Will this be the last paper election?

With the General Election just around the corner, we look at how technology is playing a role in the way we engage with campaigns, feel connected and learn party policies, the only way it isn’t playing a role, is in how we actually vote.

This is the first UK election campaign to run so heavily on social media in the hope of engaging a broader audience, especially younger voters. In 2010, only 44% of 18 to 25 year olds voted, compared to 75% of over 65’s.  A recent poll predicting how many young people definitely plan to vote in the next general election was found to be only 23%, with 60% saying that they wanted to be able to vote online.

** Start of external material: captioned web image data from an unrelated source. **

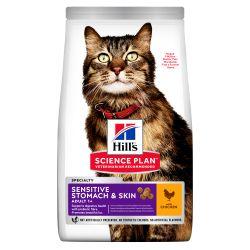 Hill's Science Plan Hills Adult Sensitive Stomach & Skin Dry Cat Food Chicken Flavour 1.5kg - Ormskirk Pets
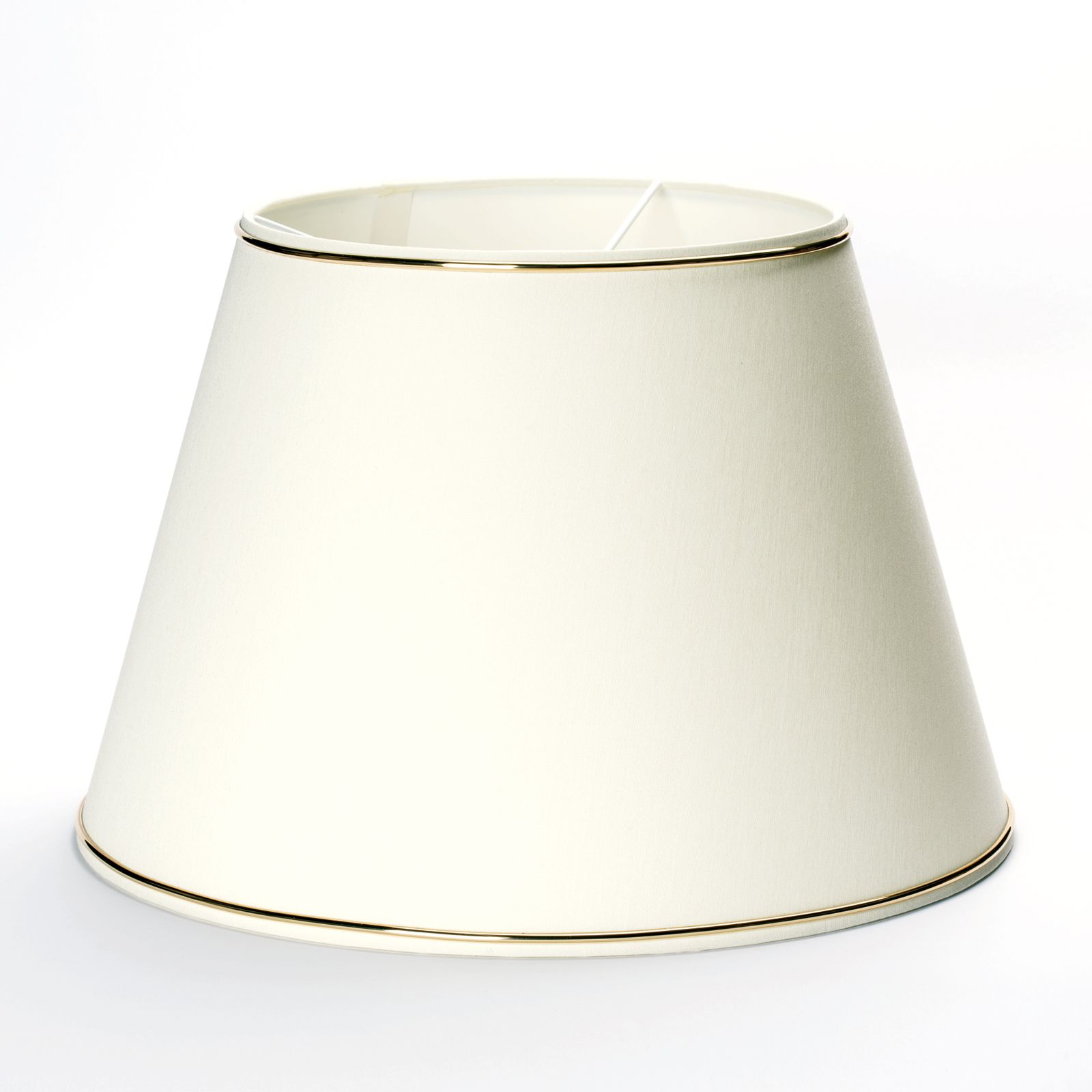 Lampenschirm Stoff 12-4426, Ø 320 mm, Creme mit Goldkante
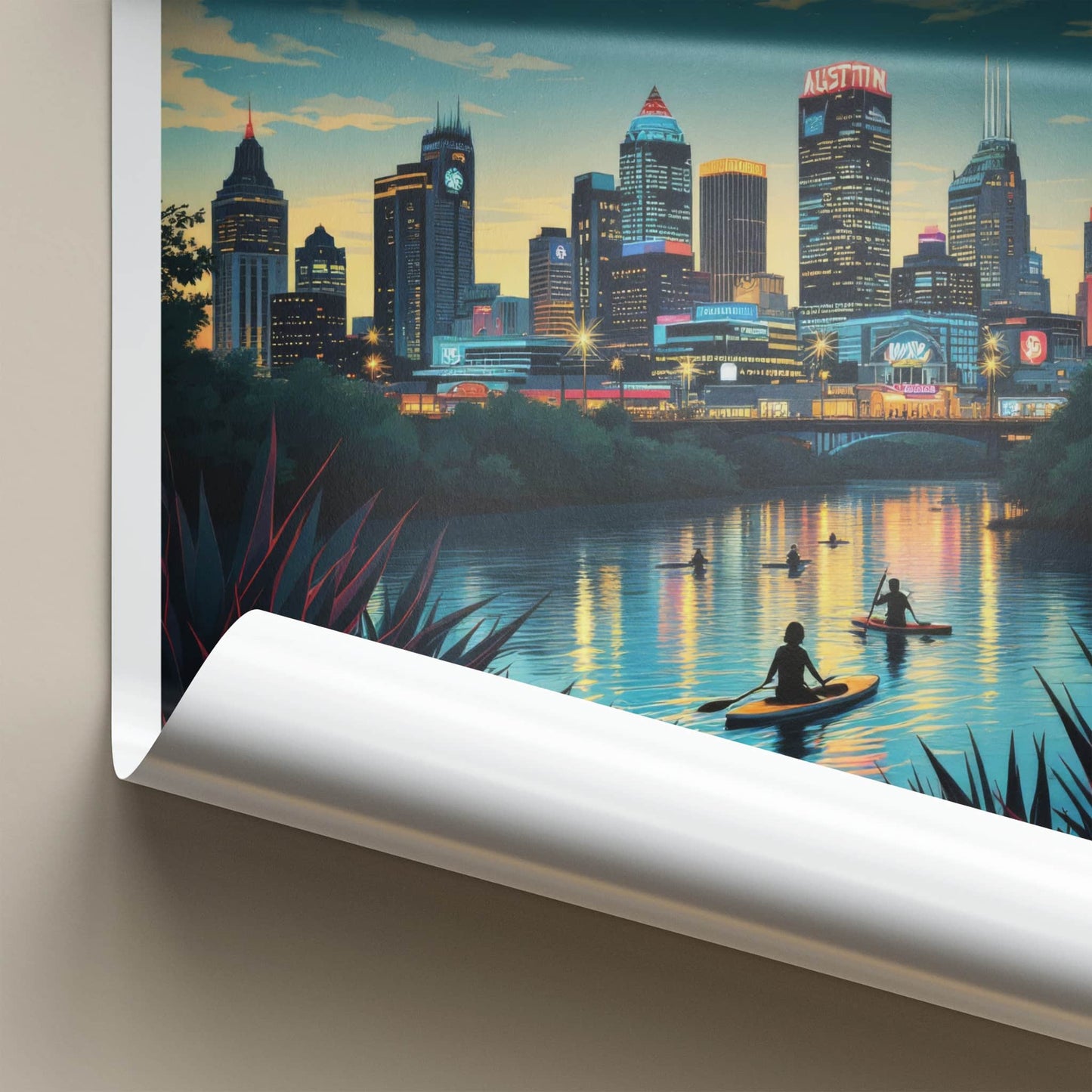 Austin Poster - Texas Framed Art - Skyline River Kayakers Gallery Art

So what has changed about this years online campaign approach? Well, the answer is pretty much everything, as people have become more comfortable with social media sites, the online world has opened a door to new campaign tactics. It is estimated that the spend on social media has increased significantly with the Conservatives spending upwards of £100,000 and Labour spending £10,000 each month on YouTube, Facebook and Twitter campaigns.

The Electoral Commission is using mobile for the first time to persuade and encourage young people to vote in this year’s election. The campaign emphasises the importance of voting and highlights their role in the UK’s future. The mobile campaign forms part of a broader marketing push to encourage people to register to vote.

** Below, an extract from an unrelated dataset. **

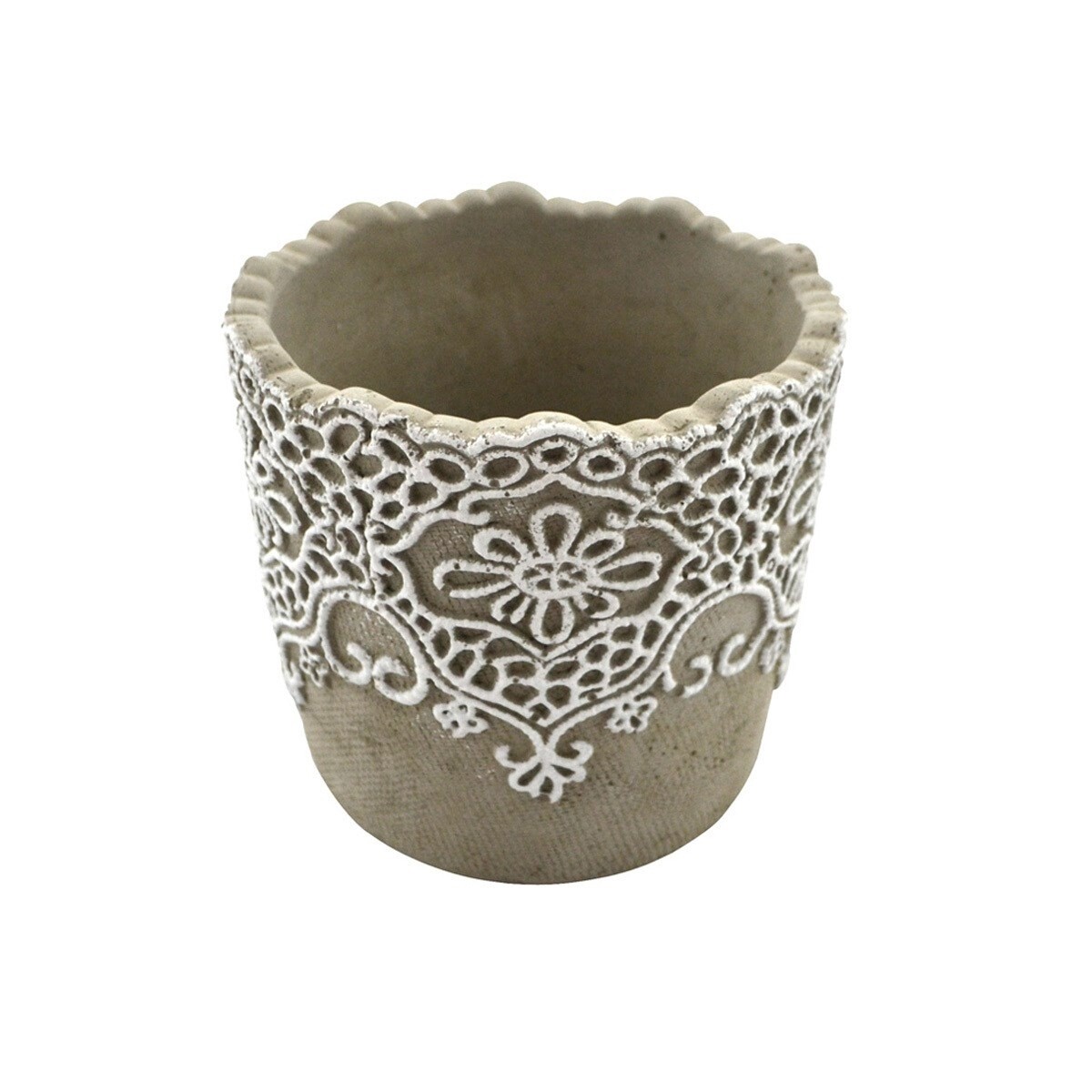 Cement Planter w/White Lace Design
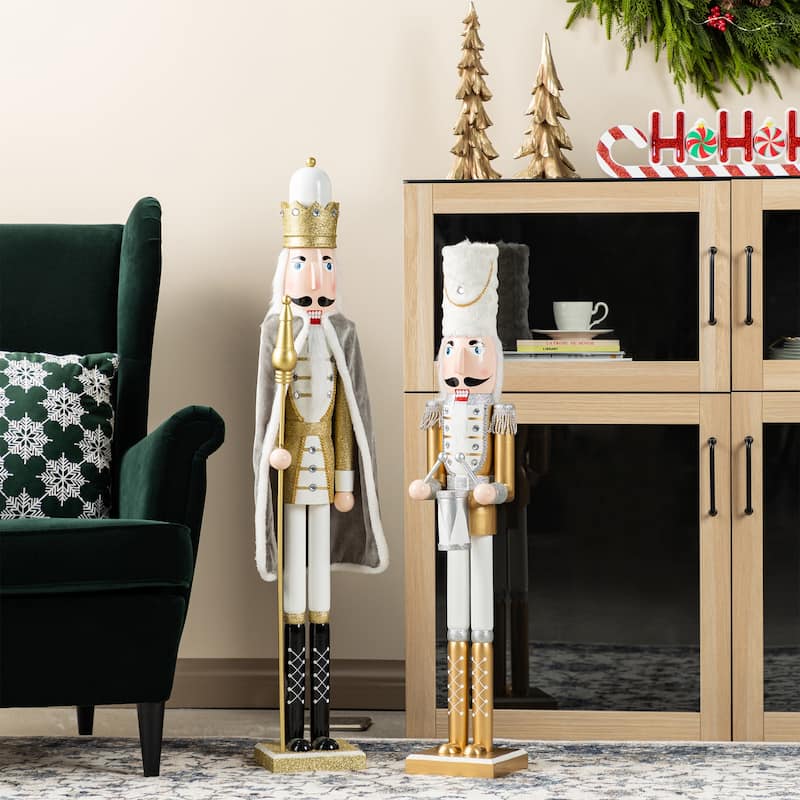 Glitzhome Set of 2 Wooden Christmas Gold Dressed King & Soldier Nutcrackers for Festive Party Fireplace Decor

The emphasis on online campaigning stretches further than the top social networking sites. Politicians are seeing the benefits of getting involved with sites that reach voters who might not pay attention to more traditional forms of media. Sites such as BuzzFeed have a reach equal to or possibly greater than other news organisations and are being recognised for their ability to connect with voters.

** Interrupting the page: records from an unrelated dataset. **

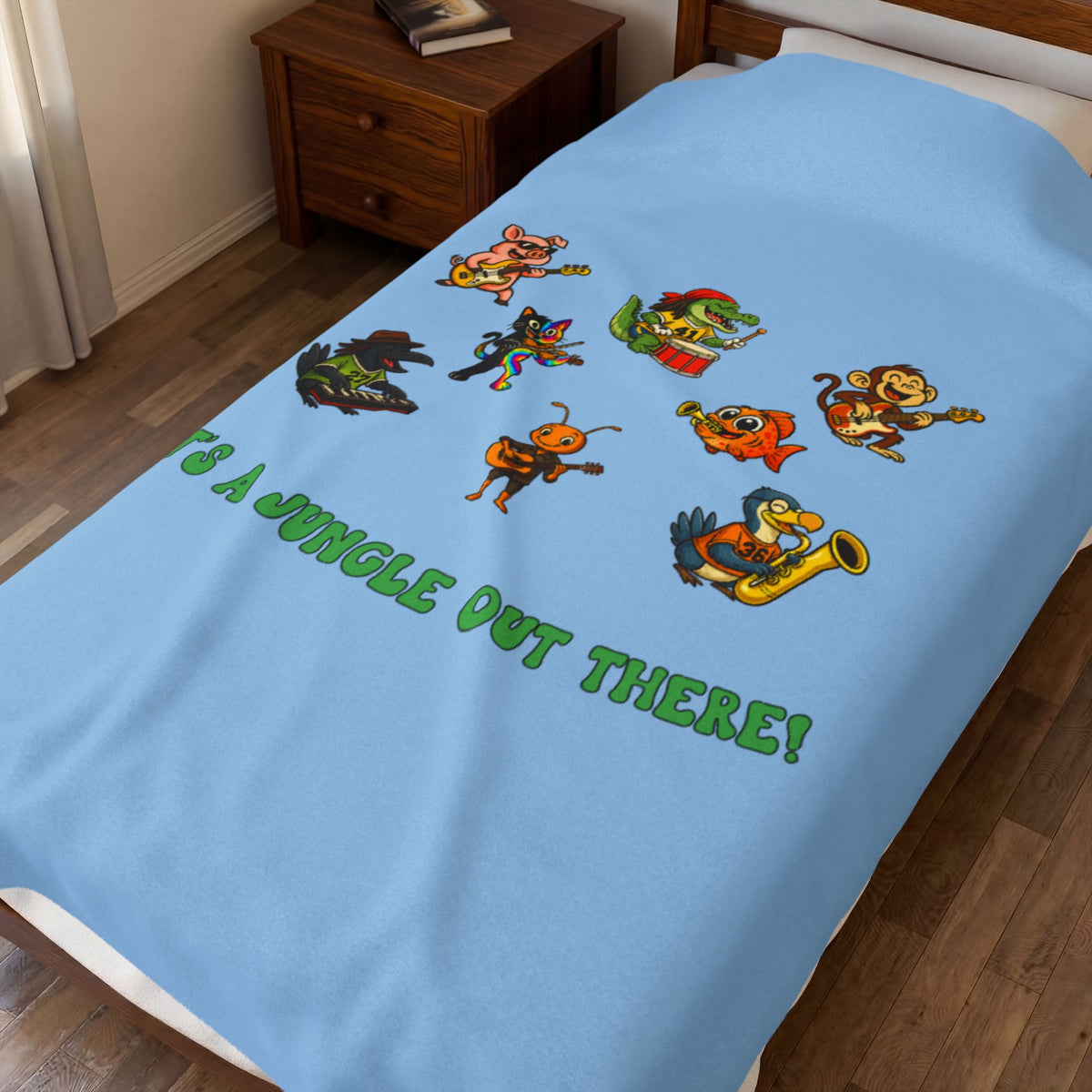 Jungle Band Velveteen Plush Blanket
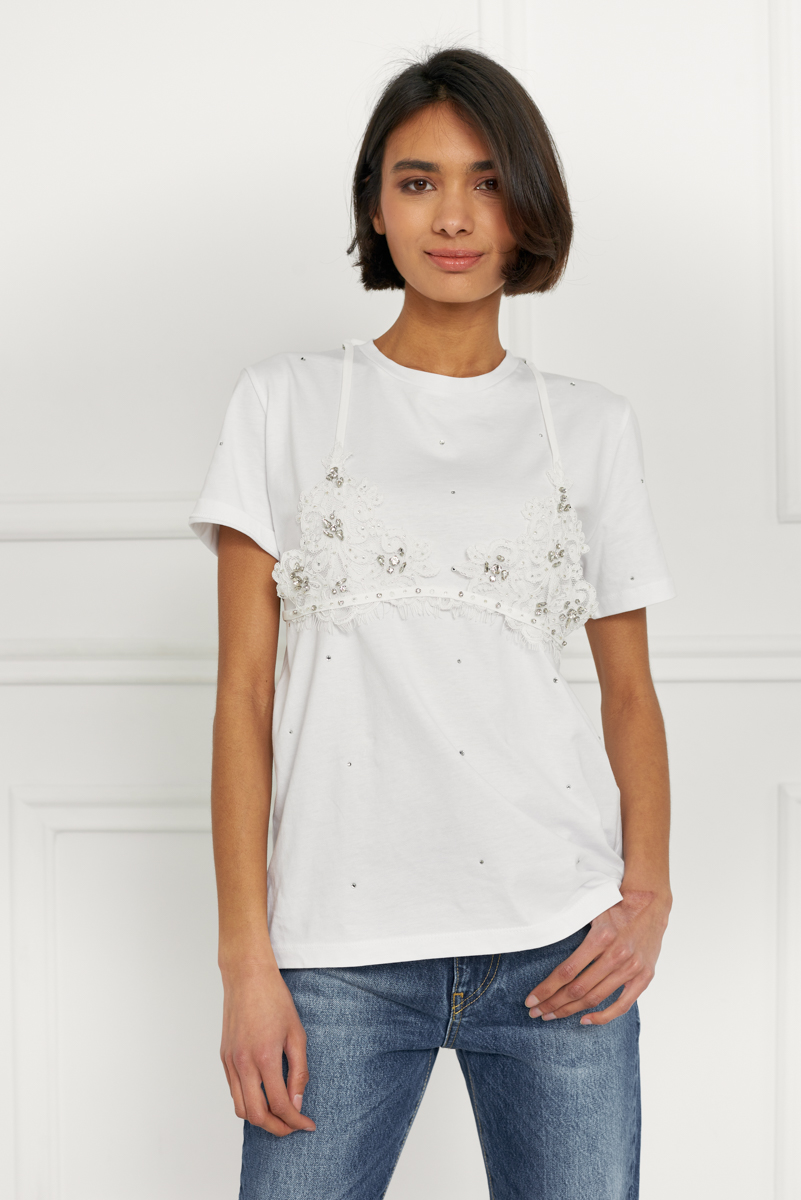 T-Shirt με Μπούστο Δαντέλα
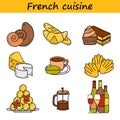 Set of cartoon cute hand drawn icons on french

In Britain, political advertising is banned on TV and Radio but not on the Internet, therefore enabling the parties to have more direct contact with the electorate through sites like Twitter and Facebook where comments can be read and replied to. Television debates include social media in their debate structure by posing questions from Twitter users to ask the political leaders.

2010 was an important year for social media campaigning, as it was the first year it was really possible. The previous general election of 2005 was limited online, seeing as Facebook was still restricted to US university students and Twitter didn’t start until March 2006.

The question is, will all of this Social media effort be worthwhile? Only time will tell, but it has certainly opened up a new platform for engaging voters.